Cine: Esta es la sección más importante, porque como sabrás ir al cine es fácil y económico (para los alternativos el no tener que complicarse la vida ni gastarse pasta es básico, con lo que lo frecuentan mucho). De manera que hay miles de tíos por ahí que van de cinéfilos y que no paran de dar la tabarra con Eliseo Subiela, Emir Kosturica, David Lynch, Atom Egoyan o Zang Zhimou. Todas estas películas son un rollo, pero no hay más remedio que lograr un mínimo de solvencia en la materia, pues de otro modo no podrás dar nunca el pego. Truquitos básicos:

Nunca es bueno ser excesivamente complaciente, de manera que no siempre hemos de poner por las nubes todas las películas alternativas. Un indicador bastante fiel es el propio aburrimiento experimentado o el número de bostezos que escuches durante la proyección. A más aburrimiento y/o bostezos mejor es la película (por ejemplo La Delgada Línea Roja, de acuerdo con este criterio, es una “obra maestra”). Si te has divertido en algún momento la señal es nefasta, descalifica seguidamente el film, y especialmente los momentos que te han agradado, como “concesiones comerciales inaceptables”.

Las películas en V.O., por supuesto. Está (no se sabe muy bien por qué pero así es) considerado de buen gusto “no leer los cartelitos” (¿para qué coño los ponen, entonces?), así que has de esforzarte en leerlos muy rápido y poder asimilar las bromas antes de que se digan para así reírte en el momento justo. También puedes aprovechar un momento escogido al azar para comentar: “el traductor no da pie con bola”. Estas técnicas pueden emplearse en películas francesas, alemanas, inglesas, portuguesas, italianas o rusas (un marxista puede saber ruso e incluso tener que ir a visionar, así de desgraciada es la competencia a que nos referimos, películas de todas las nacionalidades mencionadas e incluso, así de dura es la vida, españolas). Quedarás en cambio en evidencia si las aplicas en las chinas, tunecinas, iraníes y similares.

Sea cual sea la temática de la película, hemos de inventar un análisis en clave marxista. Si no se te ocurre nada (o si la película es una memez sin sentido, lo que es altamente probable) recurre al comodín que tan eficeces resultados proporcionaba a nuestros mayores en los clásicos cine-forums de Passolini: Tal escena “trata de poner de manifiesto las contradicciones de la sociedad capitalista”. Suele ser muy eficaz.

Conocerse historietas, vida y milagros de directores malditos queda muy bien pero es un trabajo excesivo. Cuando te pillen en fuera de juego dí que tú no haces concesiones a historias de famoseo propias del papel couché.

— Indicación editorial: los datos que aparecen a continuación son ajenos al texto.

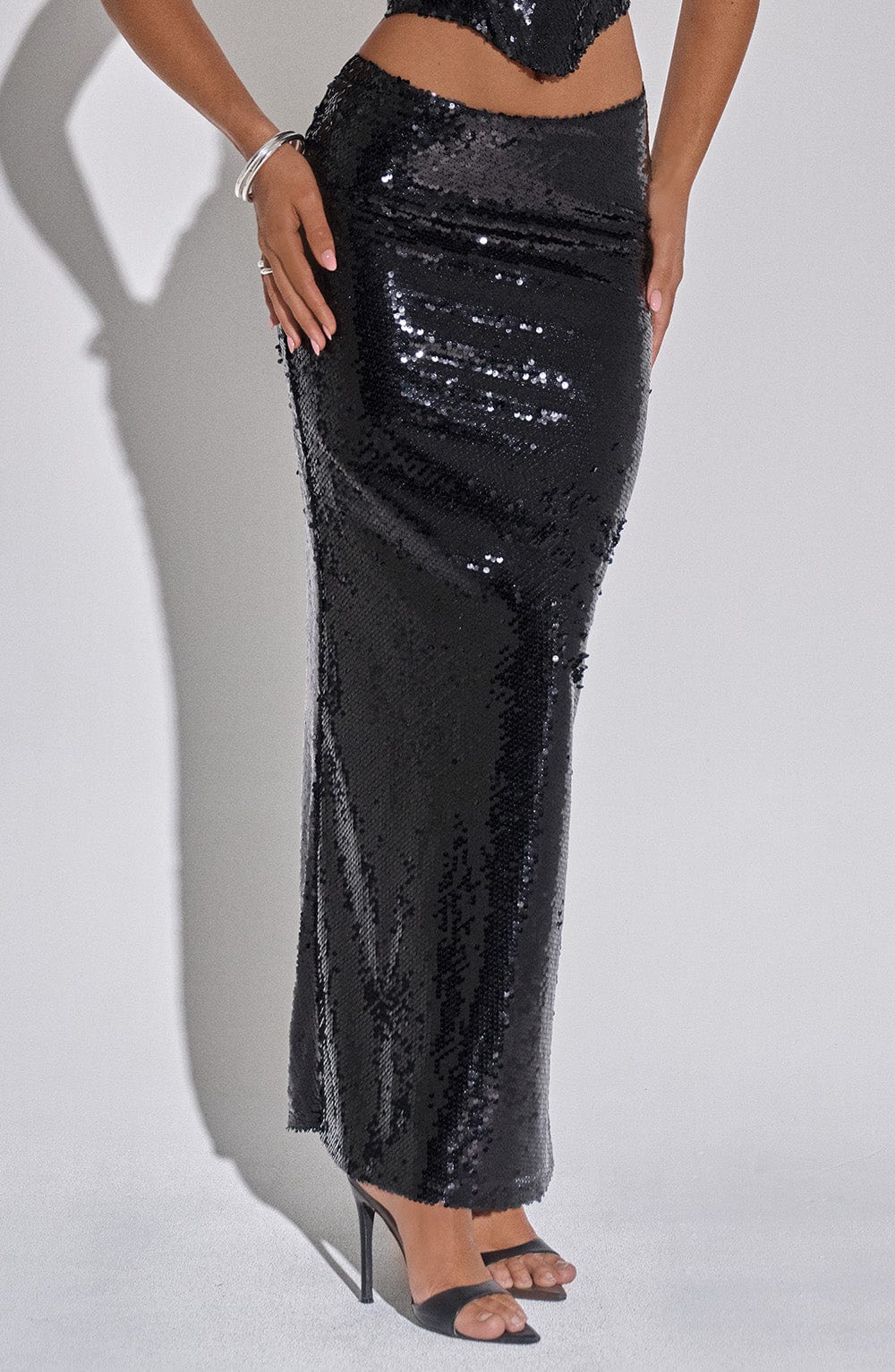 Larisa Siyah Maxi Etek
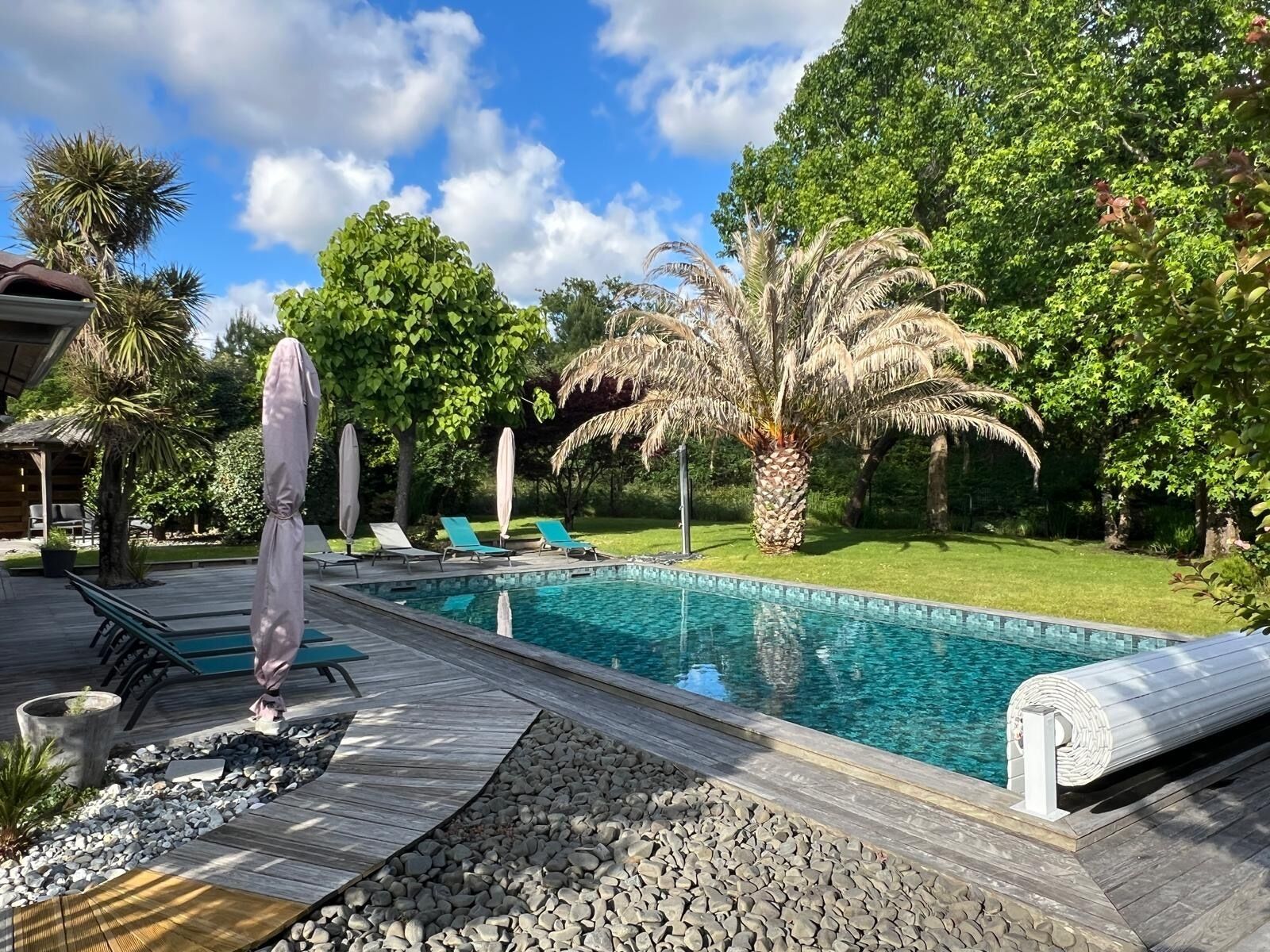 Una piscina al aire libre, una piscina climatizada
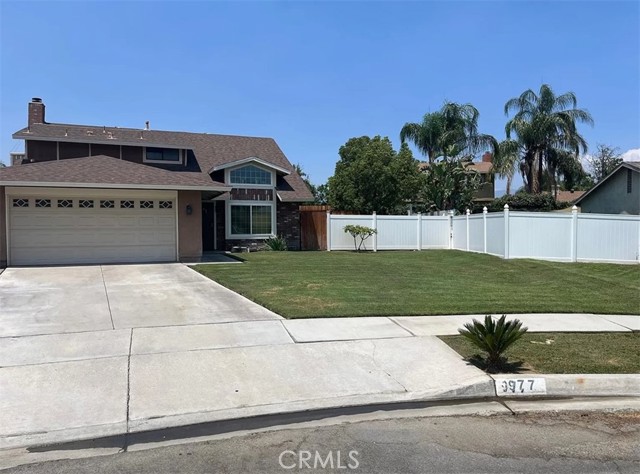Detail Gallery Image 1 of 5 For 977 Mellon Ct, Colton,  CA 92324 - 3 Beds | 2/1 Baths
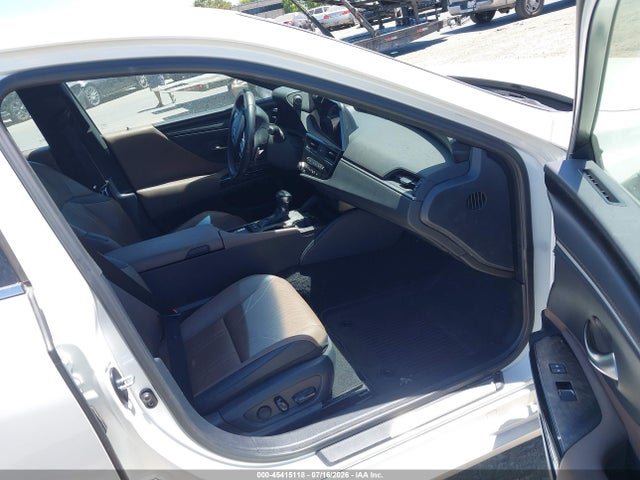 Aukcja sprzedaży 2023 Lexus Es 300h Luxury, vin: 58AEA1C18PU032232, numer aukcji: 45415118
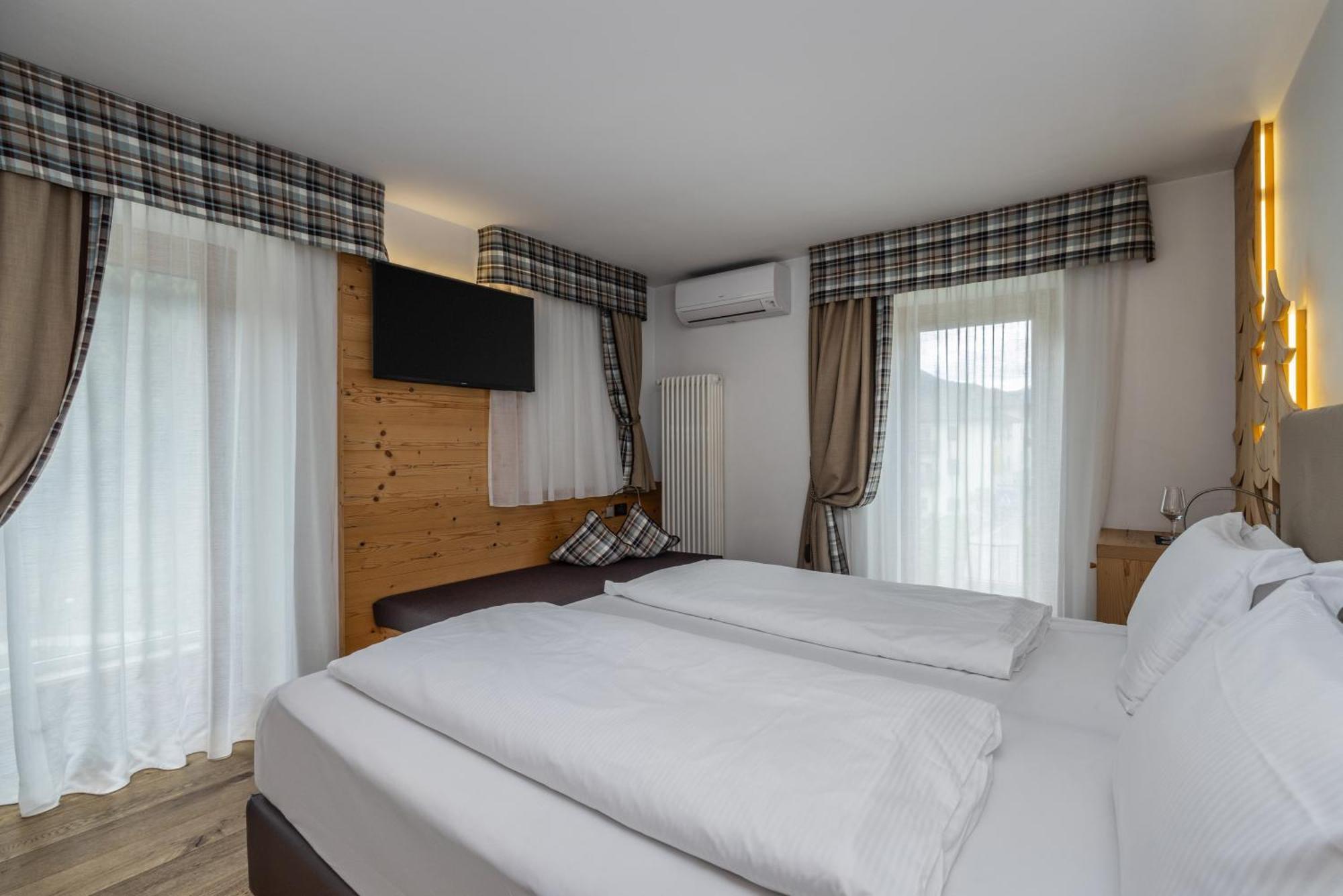 Hotel Ravelli Luxury Spa Mezzana  Exteriör bild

Recuerda, en cualquier caso, que los tiempos han cambiado y que hasta las películas alternativas más estrafalarias son en la actualidad productos comerciales, si bien dirigidos a un público muy concreto. La generación anterior a la nuestra, en sus famosos cine-fórums lo tuvo mucho peor que tú y que yo. Eso sí era droga dura de verdad. Con todo, no lo confesaremos nunca, e incluso tendremos en casa la filmografía completa de Bergman en V.O.

SALIDA DE EMERGENCIA PARA CASOS EXTREMOS:

En una situación crítica se puede recurrir siempre a descalificar una manifestación artística actual, acusándola de estar arruinada por la lógica del mercado, de ser un burdo producto comercial que ofende la inteligencia y asegurando como inevitable colofón que lo que hay que hacer (y lo que debiera hacer el autor) es leer más. Como por supuesto nadie está dispuesto a leer una mísera línea pero tampoco a reconocer esta actitud es previsible que, aunque no nos den la razón, nos dejen en paz. Este es un recurso de emergencia, que no se puede emplear siempre pues nos catalogarían de ignorante. Se trata sólo de algo que aplicaremos cuando no nos quede otra salida. Tiene la ventaja, por otra parte, de que en el 90% de las ocasiones estaremos (aunque sea por una vez) diciendo estrictamente la verdad.